■ Supplied data:

_____

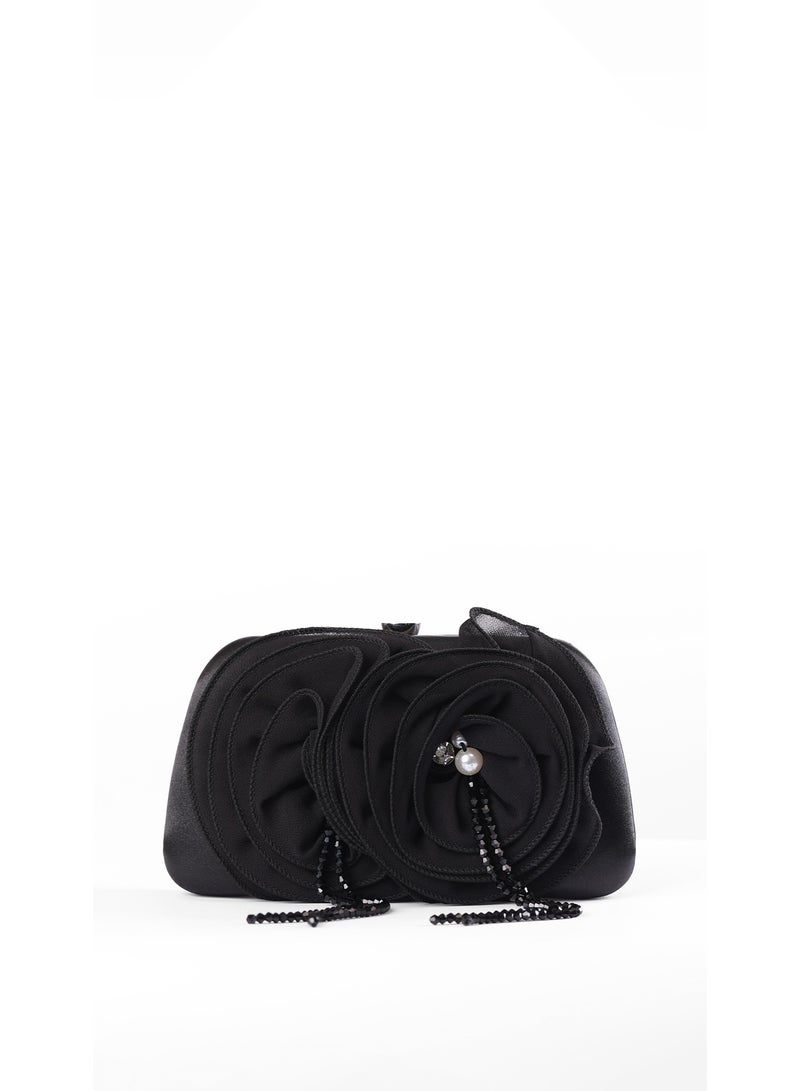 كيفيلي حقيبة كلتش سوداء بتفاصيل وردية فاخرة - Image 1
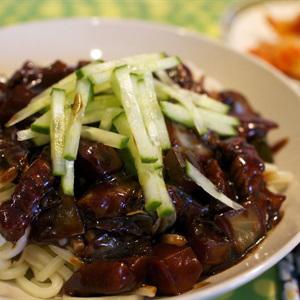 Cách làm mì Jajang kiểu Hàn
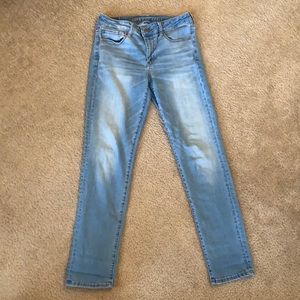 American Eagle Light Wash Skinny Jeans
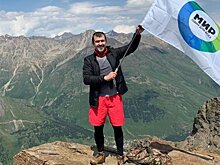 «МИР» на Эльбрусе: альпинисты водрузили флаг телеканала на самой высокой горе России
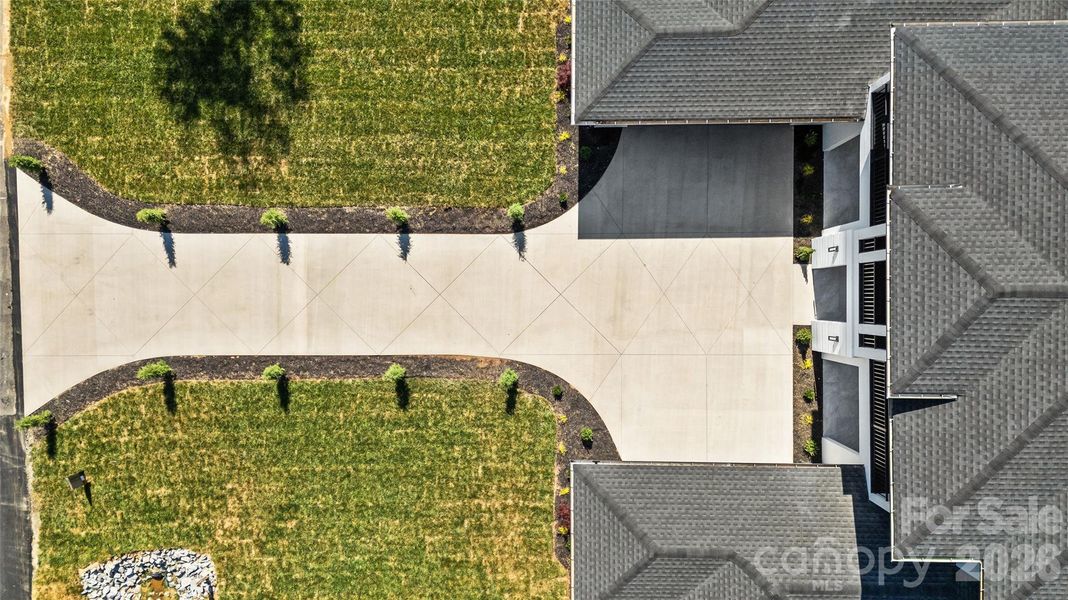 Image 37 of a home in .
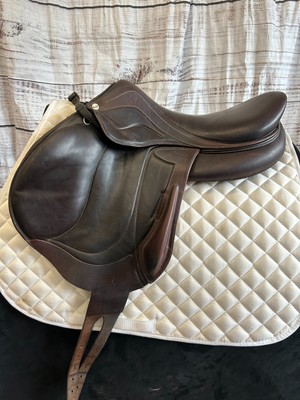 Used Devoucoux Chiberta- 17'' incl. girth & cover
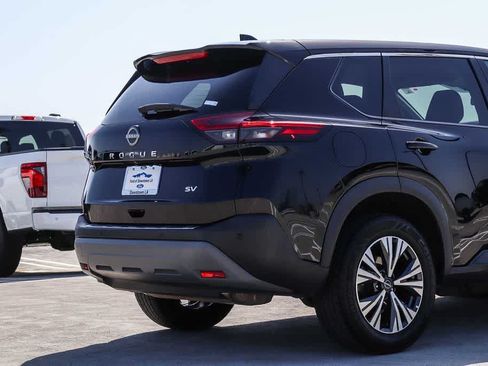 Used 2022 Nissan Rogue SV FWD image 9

_____

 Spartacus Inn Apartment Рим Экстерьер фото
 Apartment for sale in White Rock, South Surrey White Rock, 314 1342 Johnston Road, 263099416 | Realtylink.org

_____

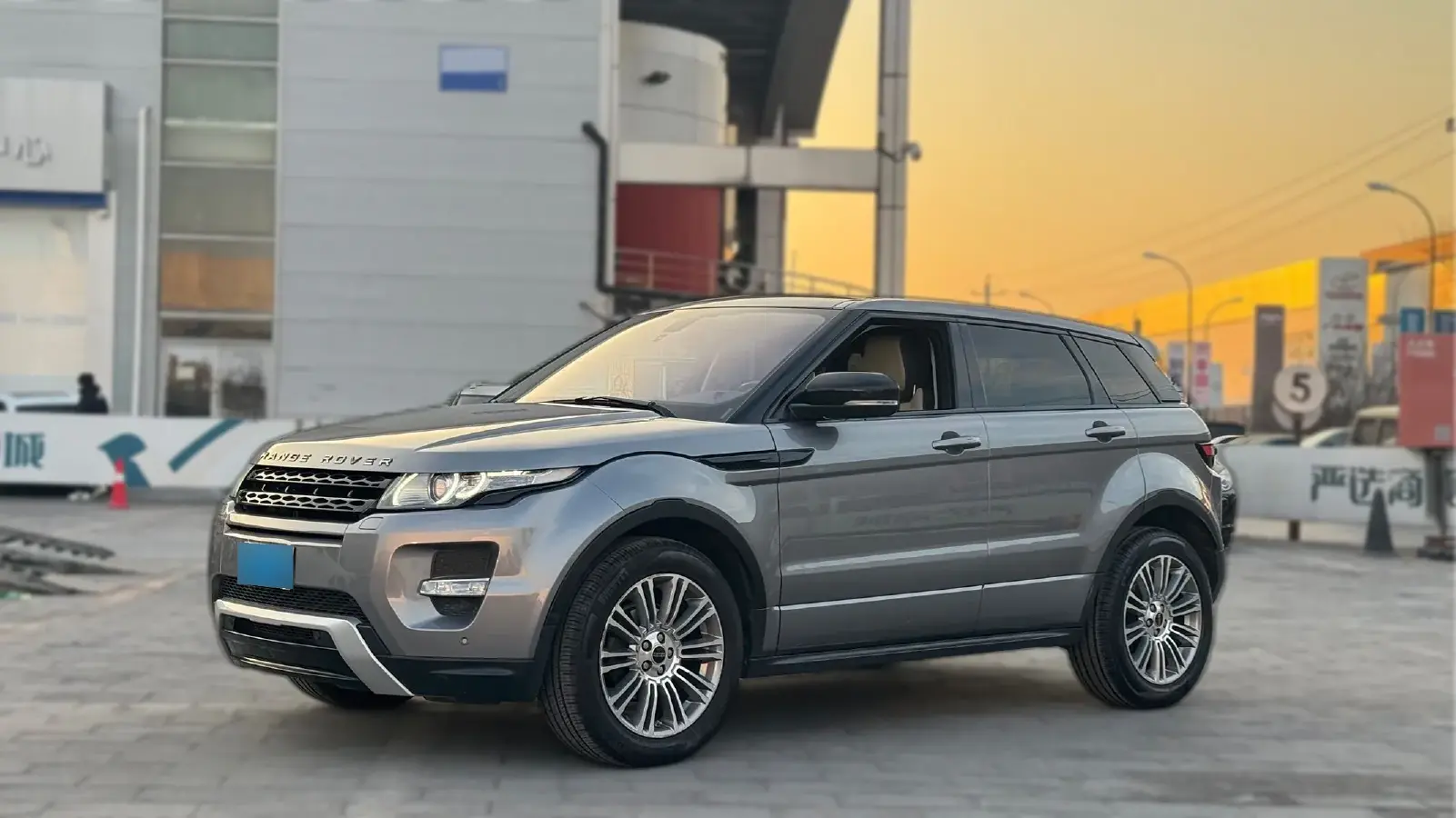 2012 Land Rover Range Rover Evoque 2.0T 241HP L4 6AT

_____

■ What the exercise asks:
Each line from the one that contains "كيفيلي حقيبة كلتش" down to the one that contains "Used 2022 Nissan Rogue SV FWD image 9" is to be returned exactly as it stands above, both ends included, with pictures removed.

■ Output below:
 كيفيلي حقيبة كلتش سوداء بتفاصيل وردية فاخرة - Image 1
 Cách làm mì Jajang kiểu Hàn
 American Eagle Light Wash Skinny Jeans
 «МИР» на Эльбрусе: альпинисты водрузили флаг телеканала на самой высокой горе России
 Image 37 of a home in .
 Used Devoucoux Chiberta- 17'' incl. girth & cover
 Used 2022 Nissan Rogue SV FWD image 9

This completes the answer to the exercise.